Boost logo

Boost :

From: Phil Endecott (spam_from_boost_dev_at_[hidden])
Date: 2008-02-09 18:40:04


My review of the proposed logging library follows.

Summary: I was disappointed by the amount of code needed to get the
most basic logging working. The use of macros to declare loggers seems
like a bad design choice. The absence of support for syslog was
surprising. I encountered many compiler warnings. The documentation
was unsatisfactory. Many of the features that I would have liked to
see were missing. Despite all this, John seems to be enthusiastic and
responsive: there is a real chance that he will be able to fix many of
these problems.

Detail:

In order to evaluate the library I decided to apply it to Decimail, an
IMAP mail server that I wrote. It currently does some fairly basic
logging of the IMAP conversation, enabled by a flag in its
configuration, to syslog.

Most of the programs that I've written do some sort of logging.
Typically it's something as simple as:

#include <iostreams>
cerr << "starting to frobnicate\n";

or

#include <syslog.h>
syslog(LOG_INFO,"starting to frobnicate");

or

#include <assert.h>
assert(frob!=-1);

These techniques are all very simple to use, and I feel that a logging
library needs to be equally straightforward for basic operations:

#include <boost/logging.hpp>
log << "starting to frobnicate";

Of course it needs to offer more features than that - but the most
basic use needs to be simple. (If it's not that simple, then potential
users will instead just write to cerr as above; as their needs slowly
grow they'll add their own ad-hoc logging functions; it will then be
too late to take the leap to a logging library.)

So I started by reading the main_intro.html and getting_started.html
docs. I eventually got to "Example 1", which described how I had to
add two new files to my project (21 lines) and call an initialisation
function from main(). I could then log by changing my code as follows:

     if (Configuration::singleton().get_bool("imapd_log_imap",false)) {
       //syslog(LOG_MAIL|LOG_DEBUG,"{%d} S: * %s",num,msg.c_str());
       L_ << "{" << num << "} S: * " << msg;
     }

Having fixed one error in the example (g_l_filter vs. g_log_filter) and
copious warnings I was able to see log output on the console (twice?)
and in a file.

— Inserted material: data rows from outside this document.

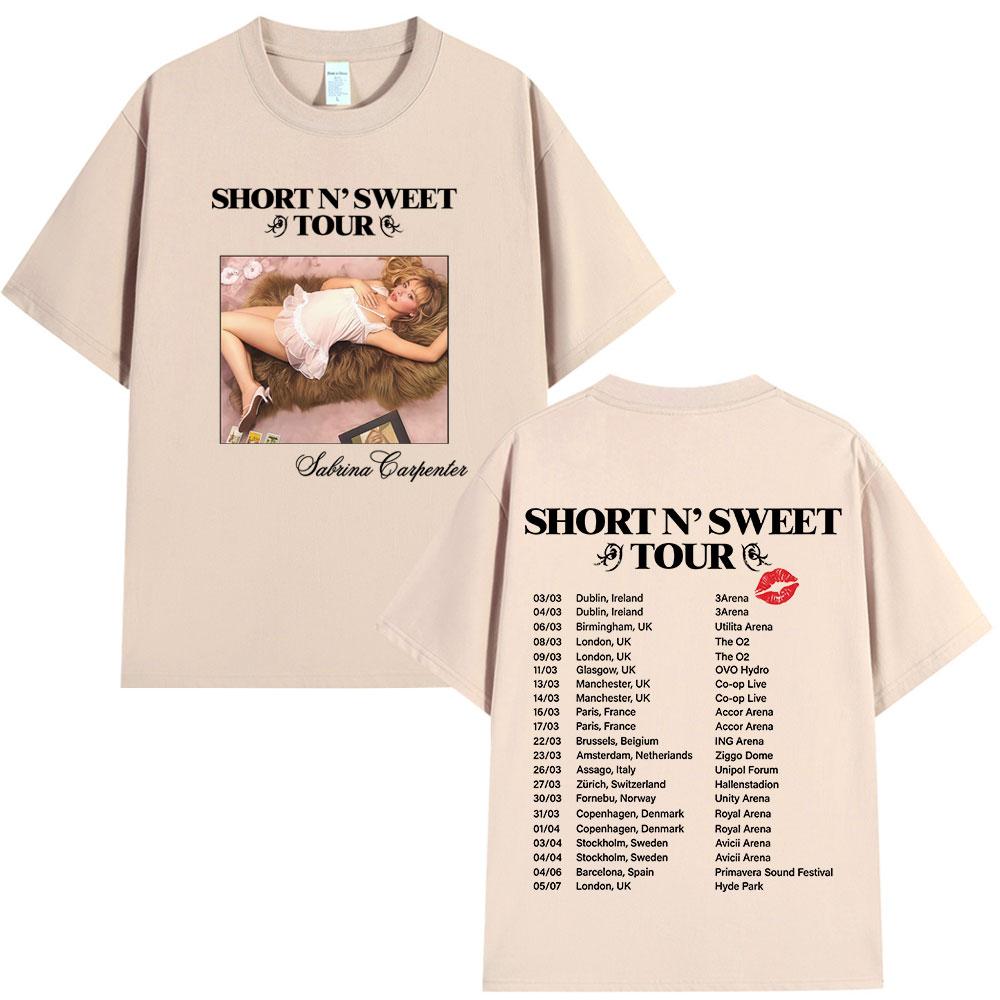 Sabrina Carpenter Short N Sweet Tour 2025 T Shirt Fans Gift Unisex Women Clothing Harajuku Aesthetic Tshirts Cotton Loose Tshirt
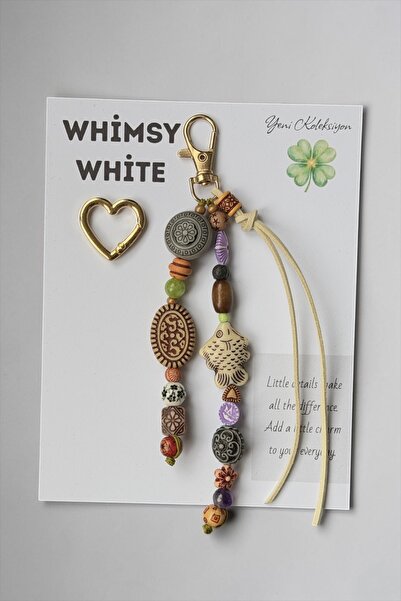 WhimsyWhite Balık Figürlü Ametist ve Zeytin Kuvars Doğal Taşlı Anahtarlık - H...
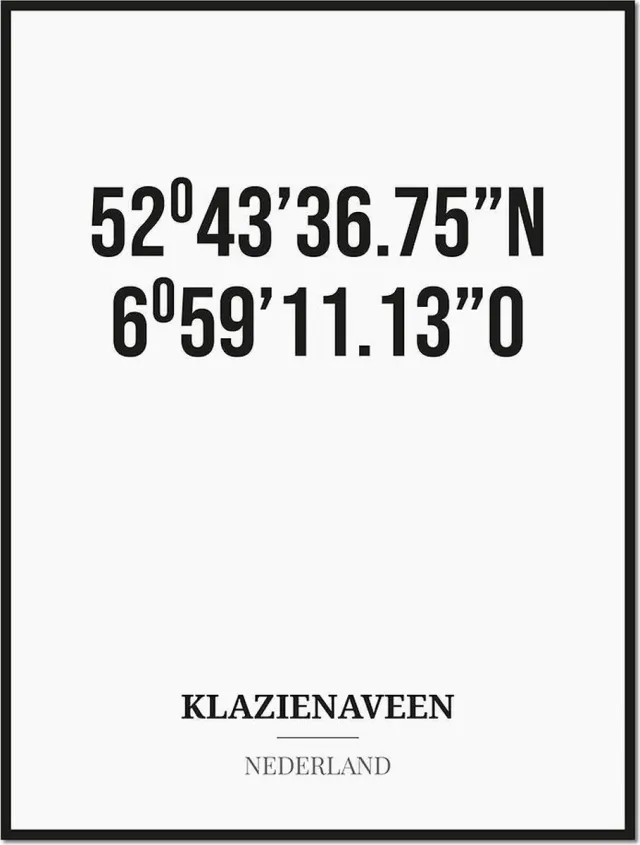 Studio216 Poster/kaart KLAZIENAVEEN met coördinaten zwart, wit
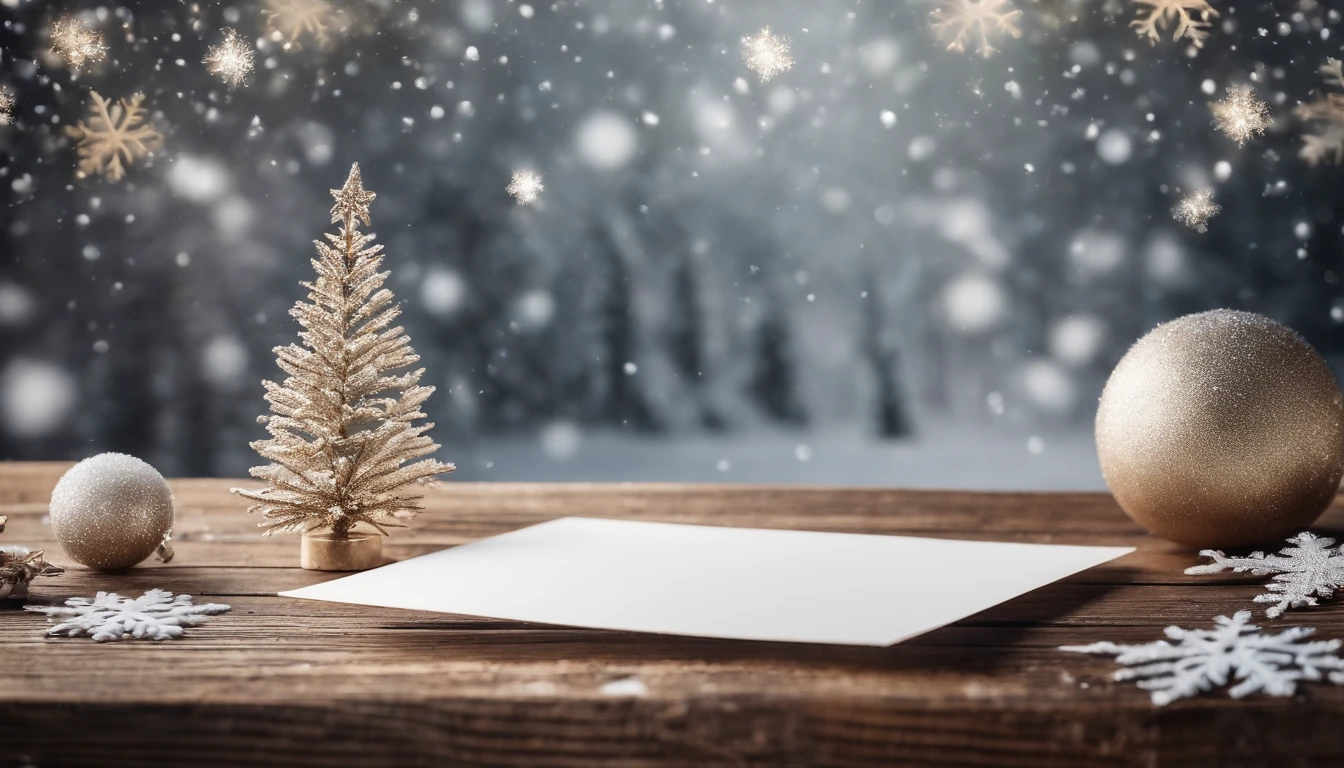 A blank white greeting card mockup on a vintage wooden table, with a winter-themed illustration and a scattering of glittering snowflakes.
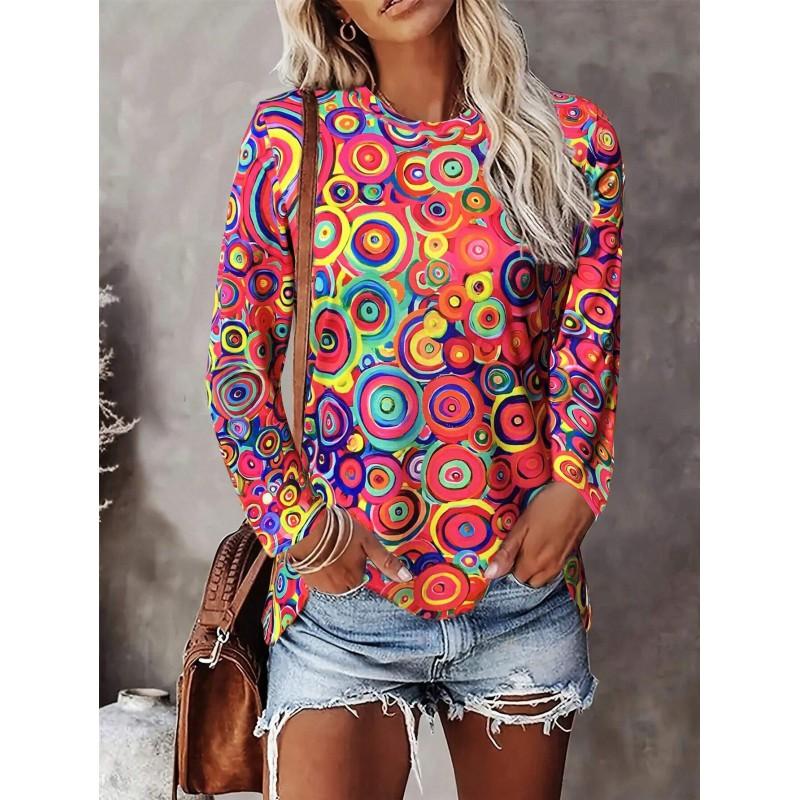Womens Long Sleeve Crew Neck T-Shirt With 3D Flamingo Print Soft Milk Silk Fabric Loose Fit Casual 2025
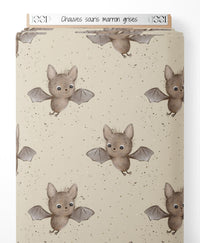 Tissu - Chauves-souris marron grises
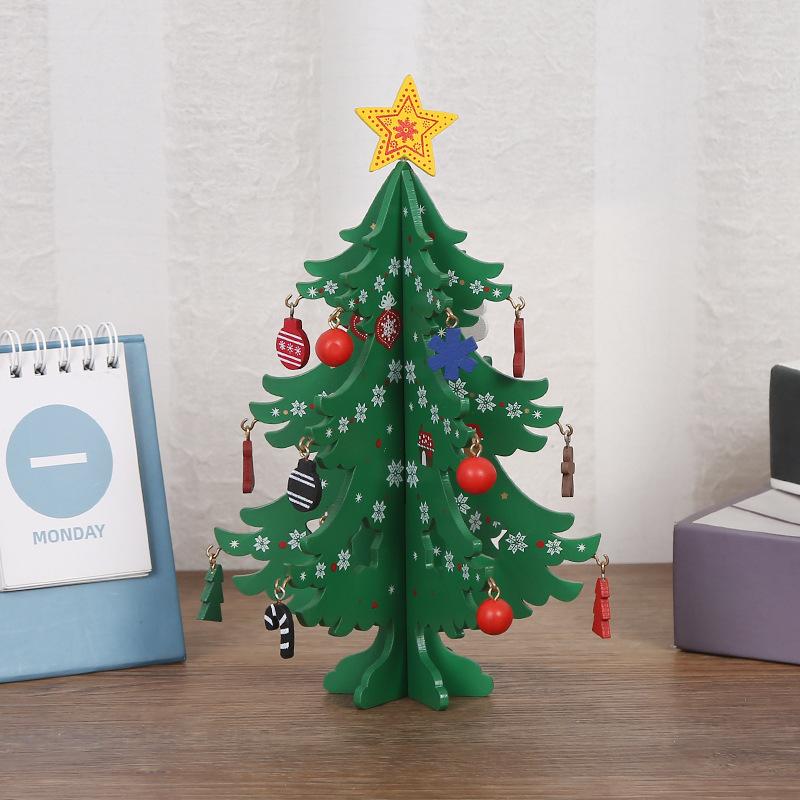 Рождественская елка 2025 года, детская, ручная работа, стерео, деревянная, рождественская елка, макет сцены, рождественские украшения, украшения, популярные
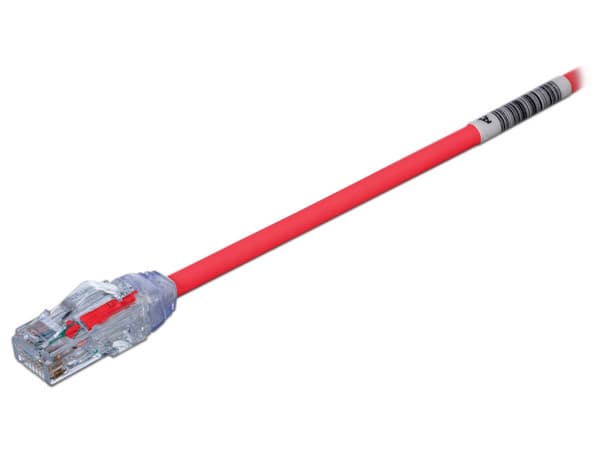Cable de Parcheo Panduit UTP28X3RD, UTP Cat6A, RJ-45, Calibre 28AWG, 90cm. Color Rojo.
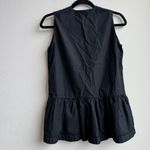 barney's new york  Made In Italy Black 100% Cotton Sleeveless Blouse Size 36 Small Photo 3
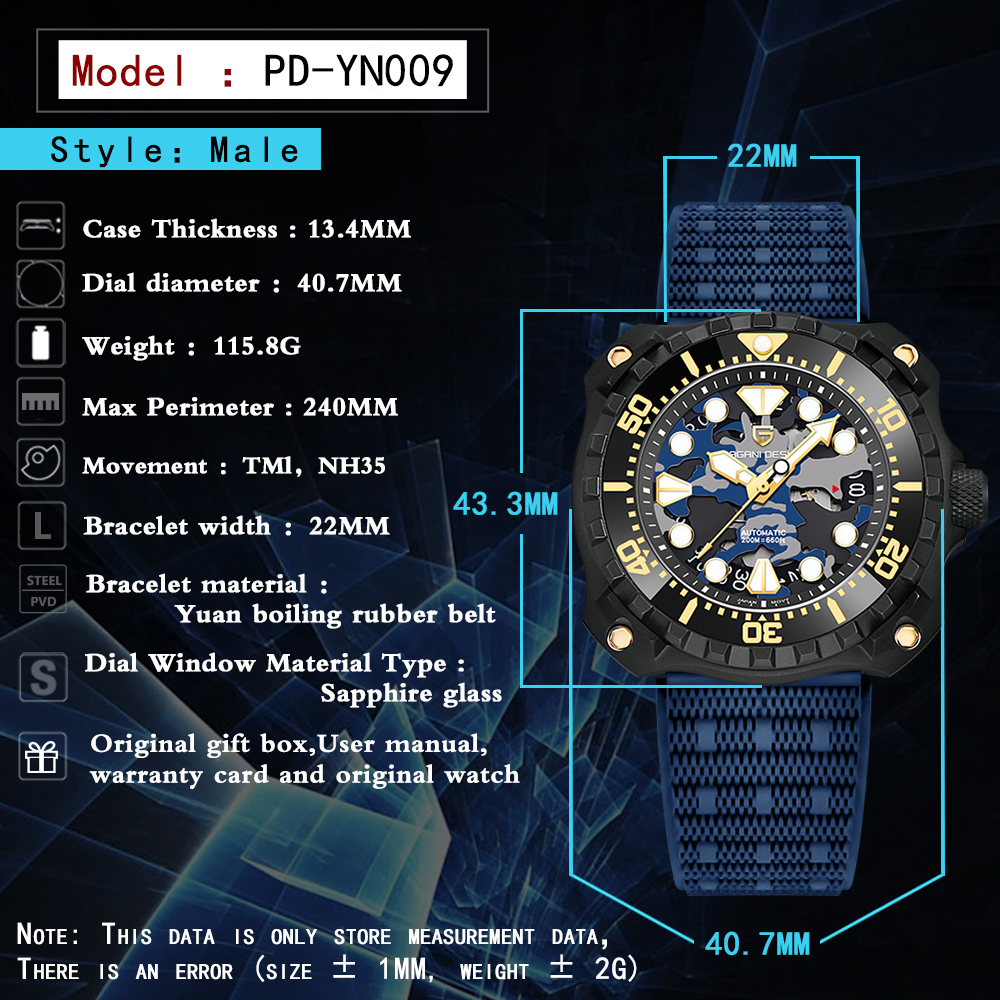 PAGANI DESIGN Men's Automatic Watches PD-YN009 Unique Stainless Steel Waterproof Mechanical Wrist Watches for Men NH35A Movt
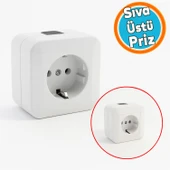 Sıva Üstü Topraklı Monofaze Priz Tekli Grup Priz Kare Fiş Grup Priz Kablosuz Klemensli 220 V thumbnail 1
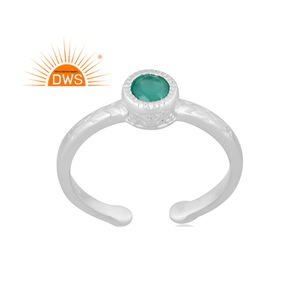 Best Selling Fine Sterling Silver Natural <b>Green</b> Onyx Gemstone Adjustable Ring Jewelry Manufacturer - Product Image 1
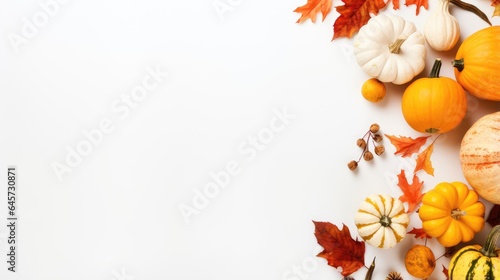 Autumn flat layout of pumpkins and seasonal items  white background
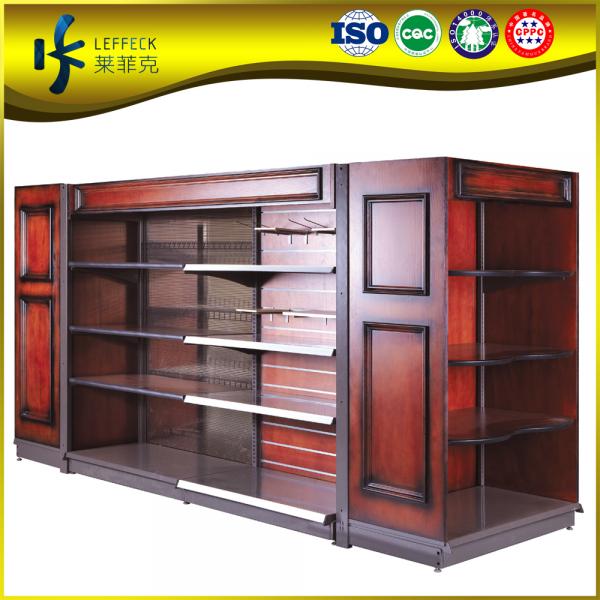 Quality Luxury Solid wooden clothes display racks ,supermarket garment display shelf for sale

This was all a lot more effort than I was expecting,
but it did seem to work.

I found the use of macros in example 1 unsatisfactory. Specifically,
the logger "object" which I declare in the header and to which I send
my log messages (L_ in the code above) is actually a macro, not an
object. This means that I have to handle it with great care. For
example, say I currently have:

void do_something(ostream& log_to, .......) {
   log_to << "starting to do something";
   ...
}

and I want to convert this to use this library. I write:

void do_something(logger& log_to, .......) {
   log_to << "starting to do something";
   ...
}

This fails - and probably with an incomprehesible error message.

The motivation for the macro is sensible: it evaluates to something like

   if (l.level > current_level) l

so that time-consuming functions in the log line are not evaluated if
they will not actually be stored. But I would much prefer to see this
optimisation made more explicit, so that the user can tell what's going
on and avoid it if they want or need to:

   logger l;
   l << "message"; // wasteful if logging is disabled, but do I care -
   foo(l); // - because this works as expected.
   LOG_IF_ENABLED(l) << expensive_function(); // if I do care, I can
invoke a macro explicitly
#define ll LOG_IF_ENABLED(l) // or if I want conciseness I can
_choose_ to do this
   ll << expensive_function();

Or I could do this, without a macro at all, if I were the sort of
person who felt that all macros were evil:

   if (l.enabled()) l << expensive_function();

I think that what's practically needed to make this work is to bundle
together the current filter and logger objects into a single _object_,
rather than bundling them together using a macro.

Next I tried to use the library's "filter" mechanism in place of the
if-condition you can see above. I looked at "Step 1: Filtering the
message" at workflow.html, expecting to find a filter that I could
initialise with my condition (as a value, or by reference to a
variable, or passing a functor or function-pointer). But it seems that
all of the provided filter classes are things to provide various sorts
of thread-safety. Writing my own is not difficult, though it might be
more conventional to use a functor (i.e. operator()()) rather than a
class with an is_enabled member [this would allow you to use things
like lambda expressions, I think]. So I wrote:

struct log_imap_filter {
   bool is_enabled() const {
     return Configuration::singleton().get_bool("imapd_log_imap",false);
   }
};

Using this involved more macros:

// log.hh:
typedef log_imap_filter filter_type;
BOOST_DECLARE_LOG_FILTER(g_log_filter, filter_type)

// log.cc:
BOOST_DEFINE_LOG_FILTER(g_log_filter, filter_type )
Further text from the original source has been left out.